A local bootlegger, Cash Hawkins, wants James' land as a smuggling route from Mexico, and also tries to force a beautiful Indian woman, Naturich, to his will. James rescues her, earning her gratitude and love; when Cash Hawkins openly comes in to kill him, James does not resist because he is pining over a picture of Lady Diana and wants to die. Naturich shoots Cash dead. The sheriff and his friends are for Cash and against James, but cannot pin Cash's "murder" on James; Naturich goes unsuspected. She follows James home and saves him from two of Cash's friends who shoot and wound him; in gratitude, he lets her stay with him. We later learn that he marries her and they have a son, Hal.

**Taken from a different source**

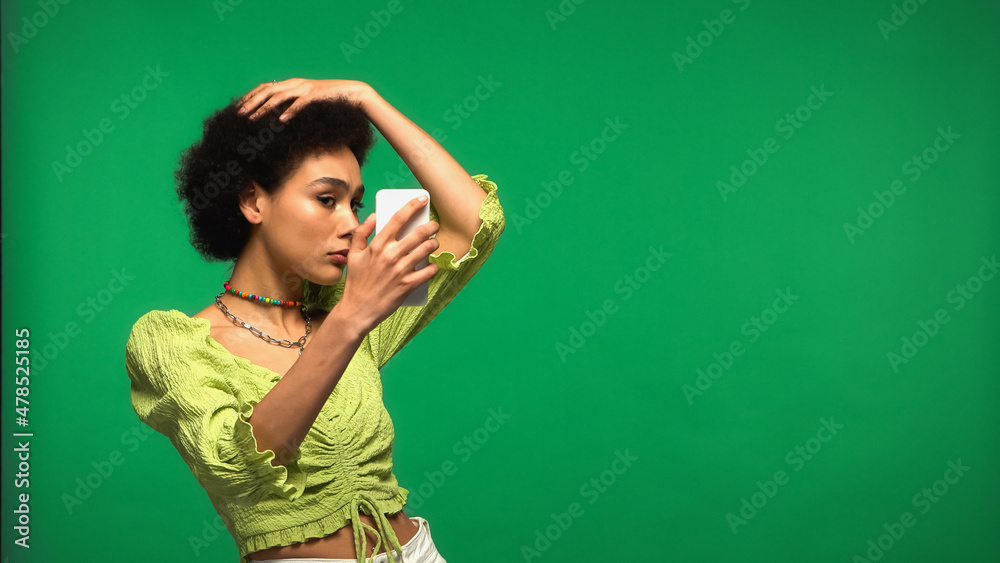 young african american woman in blouse looking at smartphone isolated on green young african american woman in blouse looking at smartphone isolated on green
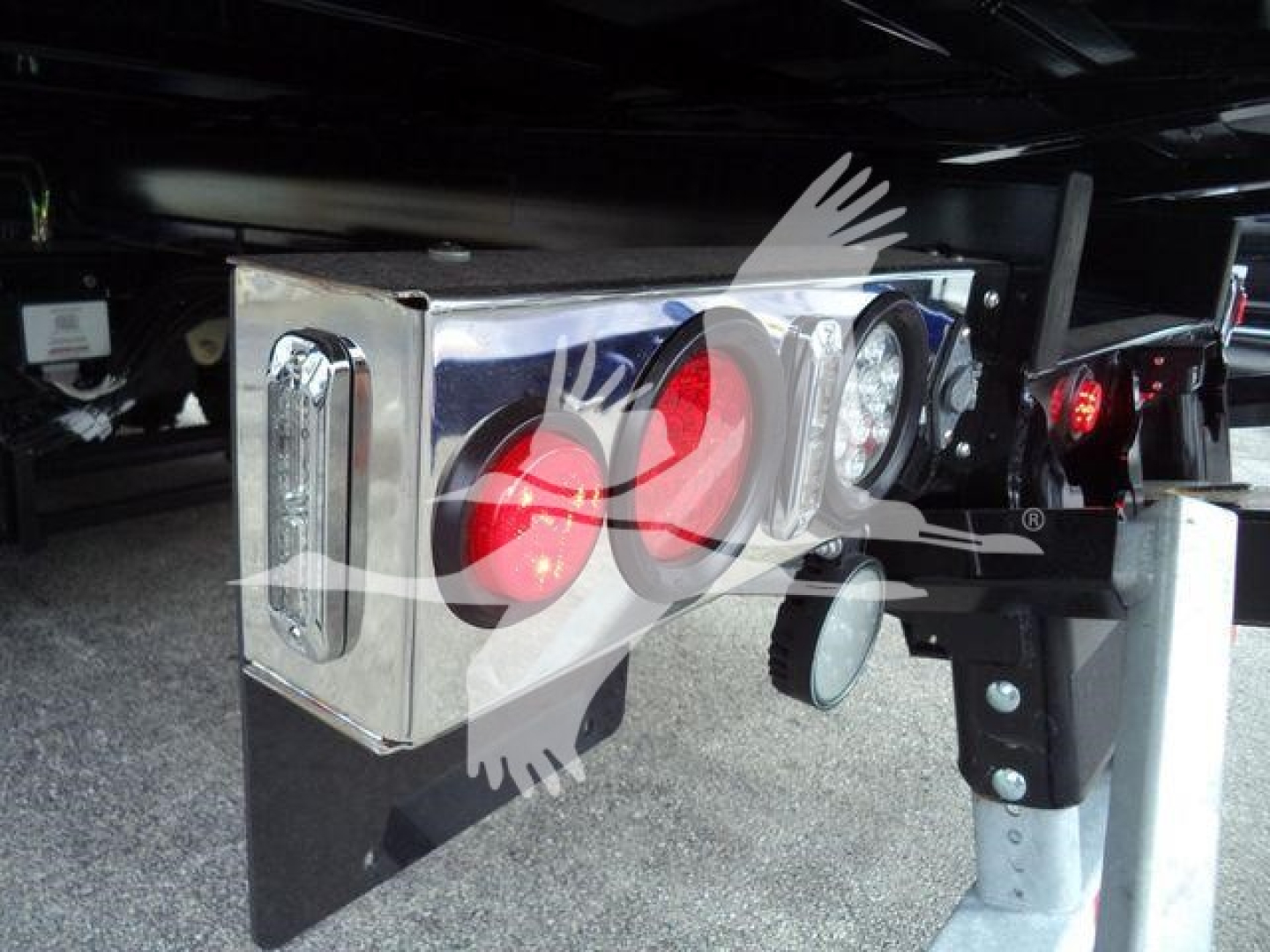 Kenworth T280 truck rear end showing chrome toolbox, taillights, and bumper undercarriage view.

Years later, Henry, who is being unfaithful to Diana, is killed in a hunting accident, and confesses to the theft as he dies. Sir John Applegate, Diana's friend, finds out James' whereabouts and arrives at the ranch with her, on Hal's fifth birthday. The little boy is glorying in the model railroad James' ranch hands have given him and being lukewarm about his mother's handmade wooden horse. James longs desperately to return to England, and is agonized by what might have been with Diana; however, he remains true to Naturich and introduces her as his wife to the surprised guests.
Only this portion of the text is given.